Verbas no valor R$ 530 mil, liberadas pelo governo do Estado de São Paulo, estão bloqueadas depois que o ex-proprietário Serafim Rodrigues de Morais, ganhou ação contra a desapropriação no STF (Supremo Tribunal Federal).
"Você acha que alguém entre as famílias assentadas irá aceitar passivamente a devolução da Timboré para o fazendeiro?", perguntou Gentil Arruda, 51, ex-integrante da direção do MST (Movimento dos Trabalhadores Rurais Sem Terra) e um dos pioneiros do Timboré. Além de exigir a reintegração de posse determinada pelo STF, o fazendeiro ingressou com ação ordinária na Justiça Federal em Araçatuba contra o Incra por lucros cessantes e indenização por perdas e danos.

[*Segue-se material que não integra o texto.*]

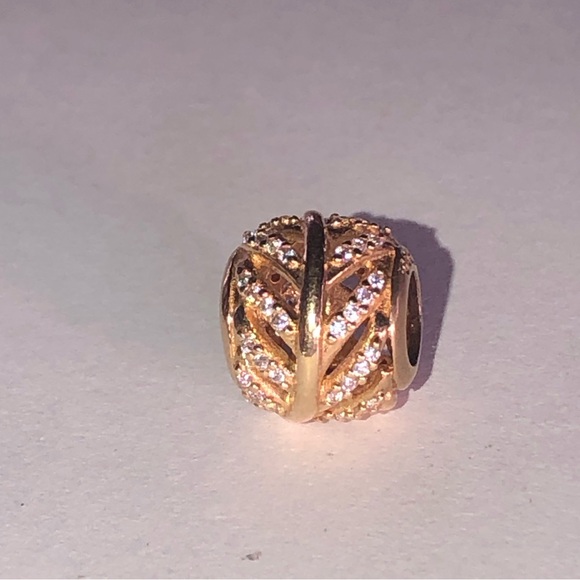 Retired Pandora Solid 14k Lite as a Feather Charm 585 Ale - Picture 3 of 5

O advogado Juvelino Strozake, da direção nacional do MST, disse que a retomada das terras por antigos proprietários de assentamentos consolidados é uma preocupação atual. Ele afirma que o movimento tem pouca estrutura jurídica. "Os poucos advogados ligados ao movimento não conseguem acompanhar as ações criminais contra os líderes, quanto mais acompanhar ações de desapropriações judiciais."

Vistorias
Já os fazendeiros que entram com ações na Justiça classificam de "irresponsabilidade" os laudos de vistorias emitidos pelo Incra. "Os laudos sobre produtividade do Incra não resistem a nenhuma vistoria mais séria", afirma o presidente da UDR (União Democrática Ruralista) Luiz Antônio Nabhan Garcia.
A Constituição estabelece a produtividade como princípio fundamental para a terra cumprir sua função social. O critério de produtividade varia de acordo com a região, tipo de solo e outros fatores subjetivos que acirram a disputa nos tribunais, com laudos conflitantes sobre os critérios de terra produtiva ou improdutiva. Os laudos do Incra levam em conta as características da área, qualidade do solo, benfeitorias e o valor avaliado do imóvel.
A advogada Teresa Cofré, da Renaap (Rede Nacional Autônoma de Advogados Populares), do Paraná, que trabalha com assentados, critica a "irresponsabilidade" do Incra na defesa, como parte interessada, dos assentamentos. "No Paraná tivemos o despejo do assentamento Solidor (em Espigão Alto) sem a presença efetiva dos procuradores do Incra. Agora o órgão afirma à Justiça não ter interesse no processo. Essa irresponsabilidade poderá gerar graves conflitos no campo."